According to the anthology Finnish Colonial Encounters, Finnish people have been able to "claim innocence and non-involvement in European colonialism and colonialist practices" given their own history of being victimized by Swedish and Russian imperialism, a notion the authors refer to as "Finnish exceptionalism". The authors argue that while Finland never had overseas colonies, Finnish people were "undeniably involved in the colonial world, with Finns adopting ideologies and identities that cannot easily be disentangled from colonialism". Like some other European countries that never had overseas colonies, such as Switzerland, Finland is defined as an example of "colonial complicity" and "colonialism without colonies". Despite the absence of overseas colonies, many Finnish migrants participated in colonial projects in Africa and North America. Beginning in the 1890s, Finnish-born settlers operated in the mining industry in the Katanga Province of Belgian Congo.

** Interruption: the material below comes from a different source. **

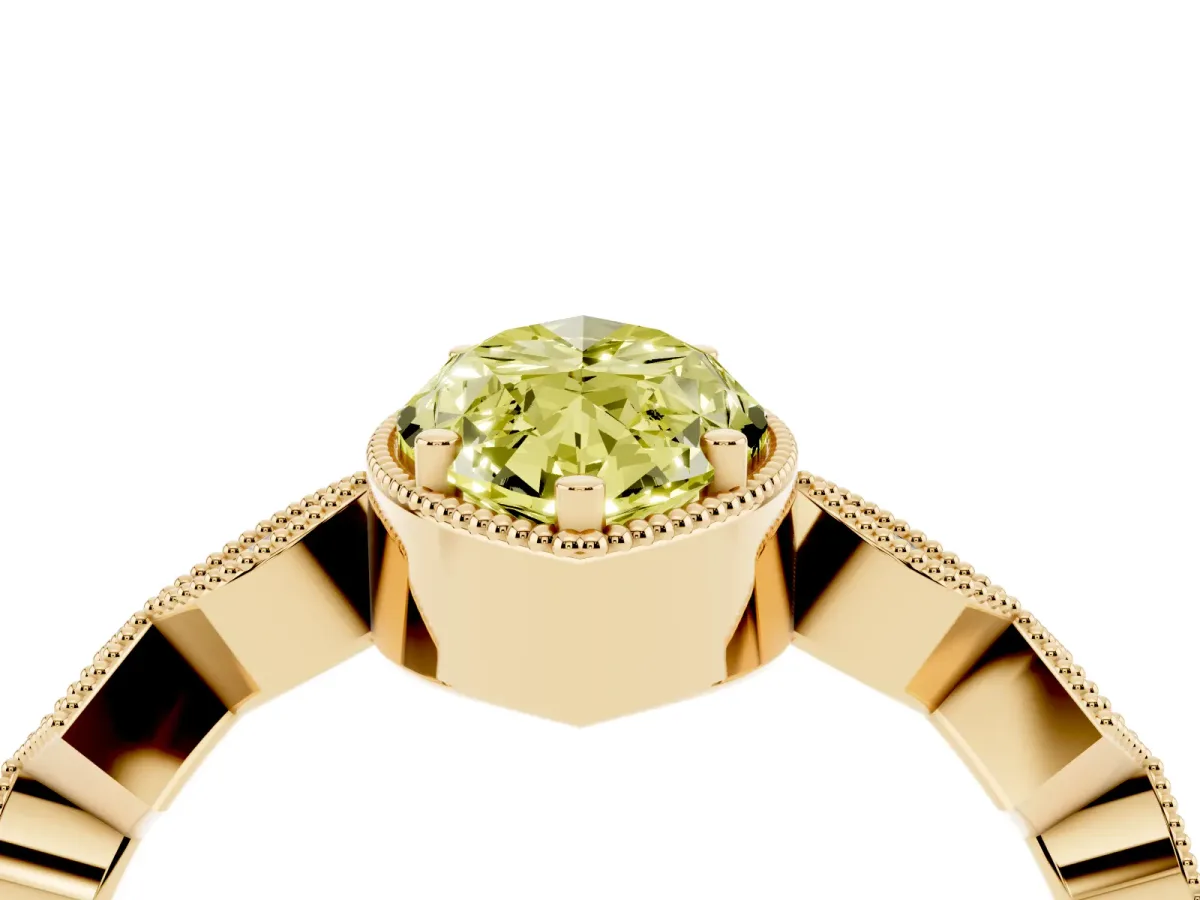 Fancy Yellow Marquise Cut Milgrain Marquise Diamond Twist Band Ring Yellow gold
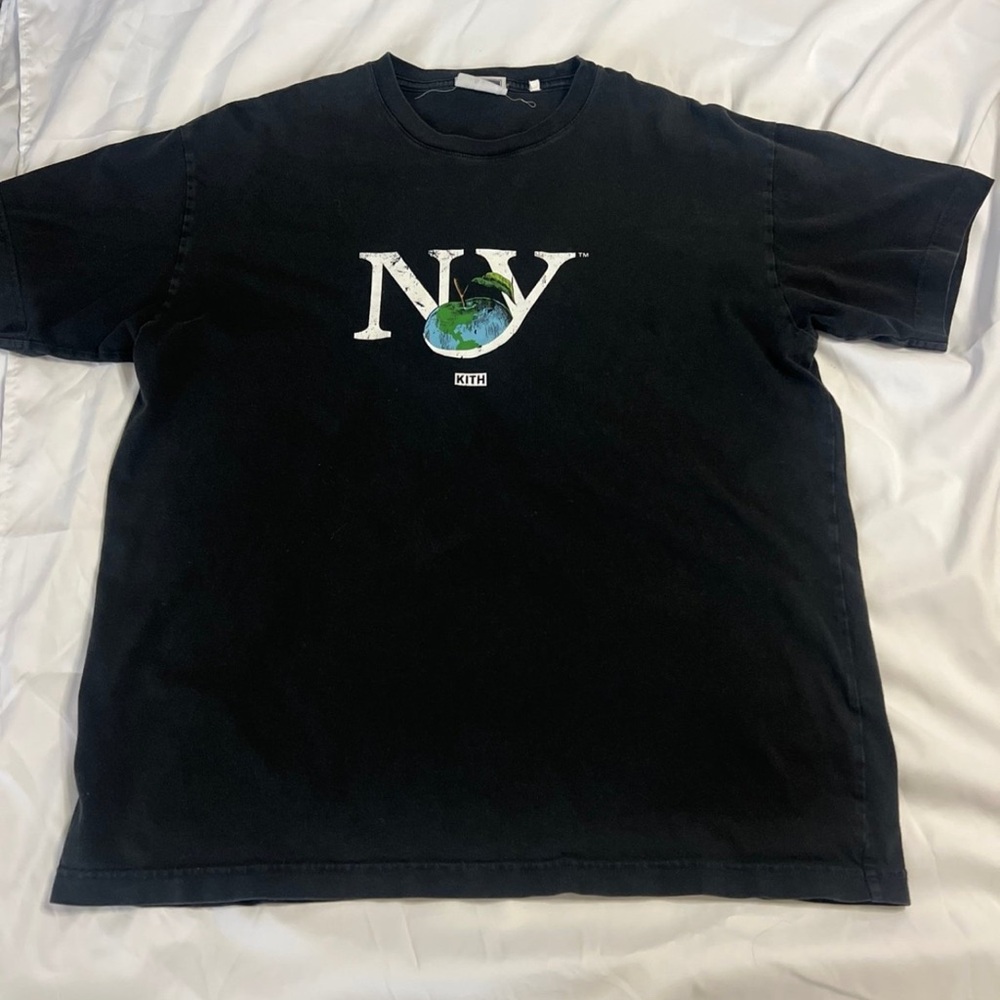 Kith Black T-Shirt with NY Earth Graphic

Many Finns lived in New Sweden, a Swedish colony along the Delaware River that existed between 1638 and 1655 in what is now Delaware, Pennsylvania, New Jersey, and a small portion of Maryland. Although New Sweden was a Swedish colony, ethnic Finns were subjects of the Swedish Empire, and the percentage of Finnish settlers within the colony grew over time. During Swedish rule, Finns composed 22% of the colonial population. Later when the colony came under Dutch rule, the percentage of Finnish colonizers increased to over 50% of the colonial population. Although the Finnish and Swedish settlers of New Sweden were on better terms with the indigenous Susquehannock nation, in contrast to the overtly genocidal actions of the English settlers, there were some defensive attacks against the New Sweden colony by Native Americans.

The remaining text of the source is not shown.